Dr. Whitehead’s comment speaks to the intersectionality of the Black women’s suffrage movement, and the work that still needs to be done to ensure the vote for all Americans. It is difficult, however, to build on achievements that have been omitted from the history books. To give voice to Black women’s stories of courage, cunning, and cooperative effort, fresh research is needed. 

Were there local suffrage clubs in your town? Where are their records? Who were these unsung suffragists? We are largely left to piece together their stories by reading between the lines of historic Black newspapers and uncovering scraps of history in dusty local archives.

In May 1900, newspapers and suffrage journals nationwide hailed a Maryland victory in the women’s rights struggle.
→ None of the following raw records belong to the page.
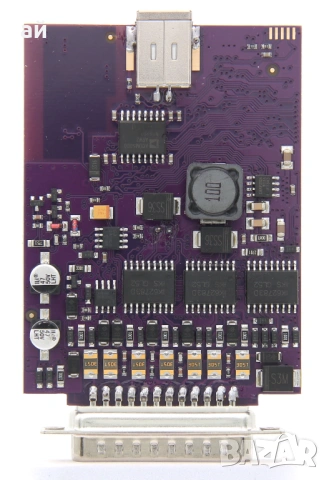 Scanmatik 2 SM2 PRO - Уред за чип тунинг и диагностика + PCM Flash, снимка 4 - Аксесоари и консумативи - 47280217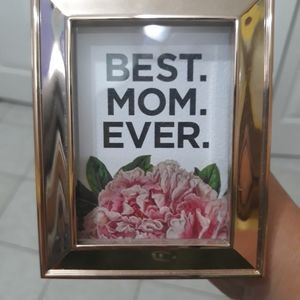 Wallflowers from bath n body works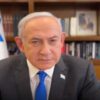 Presidente de Israel chama de 'má-fé' pedido de prisão do TPI contra Netanyahu: 'É mais que ultrajante'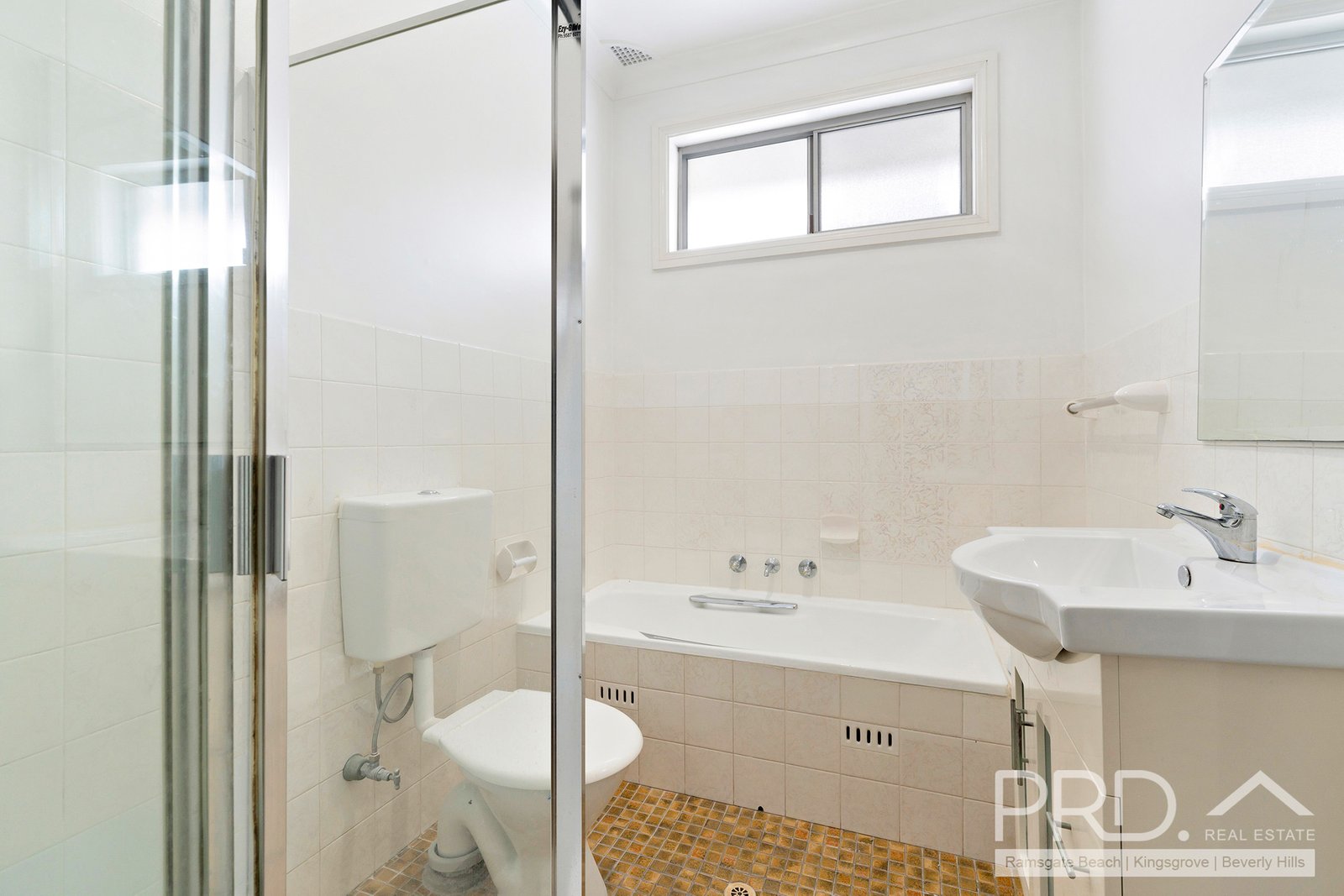 1/78 Alfred Street RAMSGATE BEACH 6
Twenty-two Annapolis women, all landowners, joined men at a special municipal election to approve bonds for sidewalk paving and city improvements. According to local reports, one of those women was African American. 
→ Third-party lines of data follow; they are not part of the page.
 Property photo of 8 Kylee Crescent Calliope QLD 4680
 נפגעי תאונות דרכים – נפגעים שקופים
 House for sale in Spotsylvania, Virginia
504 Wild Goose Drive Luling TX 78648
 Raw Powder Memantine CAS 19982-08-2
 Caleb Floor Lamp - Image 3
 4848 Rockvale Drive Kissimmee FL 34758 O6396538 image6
In a county where lynchings occurred in 1875, 1884, and 1898, and restrictive codes shackled progress for many Black citizens, could this unnamed woman have been Maryland’s first Black female voter? No one is sure. But what is certain is that within a few short years, Annapolis was actively denying the franchise to most of its Black citizens through so-called “grandfather” clauses. These clauses created insurmountable barriers to the vote for Black people. A protracted battle in the courts was necessary to eventually restore these rights.

In 1908, the tiny Eastern Shore town of Still Pond, MD incorporated, and gave voting rights to its tax-paying residents, including both women and men. Two African Americans were among the first 14 women who registered to vote. Little else is known about them.

In 1915, Estelle Hall Young founded the Progressive Women’s Suffrage Club in Baltimore. A persuasive public speaker, she appeared before civic and church groups to mobilize support for women’s rights. A year later, Young and fellow clubwomen helped welcome the NACWC (by then the NACW had changed its name to the National Association of Colored Women’s Clubs) national convention to Baltimore at Bethel A. M. E. Church. NACWC President Margaret Murray Washington, Madame C.J. Walker and Mary McLeod Bethune made presentations. One of the speakers urged delegates to start suffrage clubs in their home communities. How many of the women present heeded the call?

The anecdotes above reveal a steady march of progress towards women’s suffrage, but they also show us just how much remains to be discovered in our local history. New investigations into these stories have upended widely held assumptions that Black women were uninterested in enfranchisement. At the local, statewide and national levels, Black women were fighting for the vote then, and their legacy informs the power and potential of Black women’s votes today. 

Information about prominent national leaders in the Black suffrage movement is finally reaching the mainstream thanks to the groundbreaking  scholarship of many Black women historians. It is now up to us to fill in the gaps locally, combing through club records, family archives, and historic Black newspapers to lift our local suffragists into the wider conversation.

Jean Thompson is a freelance writer who volunteers with the Maryland Women’s Heritage Center project documenting local suffragists for the 2020 centennial of the 19th Amendment.